Making the Rounds, Congressional Style
The Palmetto Cycling Coalition, along with some other state representatives, spent the last week making the rounds with three members of our South Carolina delegation in Congress: Tim Scott, Joe Wilson and Jim Clyburn. Although we weren’t able to meet with Scott and Clyburn in person due to last minute schedule changes, we were able to visit with their senior staff at district offices.
The purpose of the meetings were to engage the members in important bicycle and pedestrian activities happening locally and statewide. We served as a friendly reminder about how essential continued federal transportation investments in biking and walking are to communities around the state. As you likely already know if you’re reading this blog, bicycling and walking boost our economy, help individuals and government agencies save money, and directly address key societal challenges such as obesity and road congestion. These are not just localized issues–they’re also national issues of importance, and bicycling and walking programs offer solutions to these, and many other, issues and problems. It’s a pretty good bang for the buck.
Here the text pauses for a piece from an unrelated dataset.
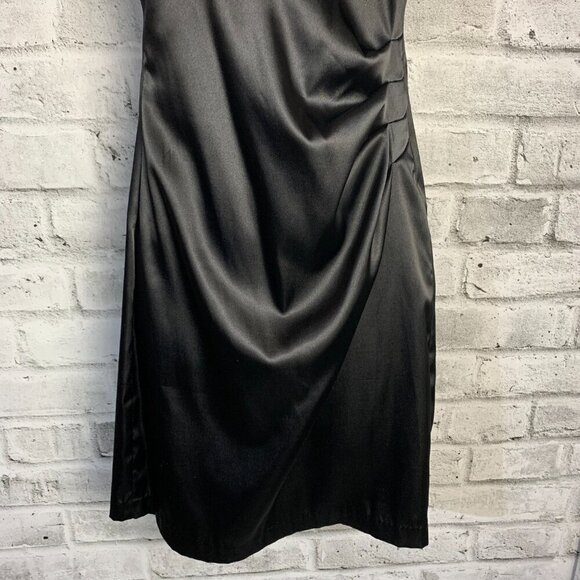 Vintage 90s Y2K B. Smart Black Satin Sparkle Ruched Halter Dress - Picture 3 of 14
Our fear is that in a few weeks there will be efforts to strip federal funding for biking and walking in Congress, either by eliminating the funding for programs such as Transportation Enhancements (which is the largest single source of federal funding for bike/ped) or Safe Routes to School. Another possibility is that Congress will make funding for these programs optional for states; in this case, absent a federal incentive, we feel sure that our Department of Transportation will not prioritize these smaller projects. For this reason, with each member that we met, we asked for their support of continuing dedicated funding for both programs.
|L to R: Steve Hawley, Derrick Boatwright (both of Hawley); Gail Kinard, Eat Smart Move More SC; Congressman Joe Wilson; Rachael Kefalos, PCC; Chuck Schults, Carolina Cyclers.
Of the three offices that we met with, we received a guarantee of support for such programs from only one member–James Clyburn’s senior staff of the sixth district. Although all of the other offices and members assured us of their support of bicycle and pedestrian projects, none offered the firm commitment that we received from Clyburn’s office.
Nonetheless, we leave this experience feeling positive and confident in the conversations that were shared. We look forward to seeing these familiar faces in just a few weeks while we’re visiting their Capitol Hill offices during Bike Summit to remind them of the importance of a bicycle friendly South Carolina.
Finally, a big thanks to all of the willing partners that joined us in making these meetings happen.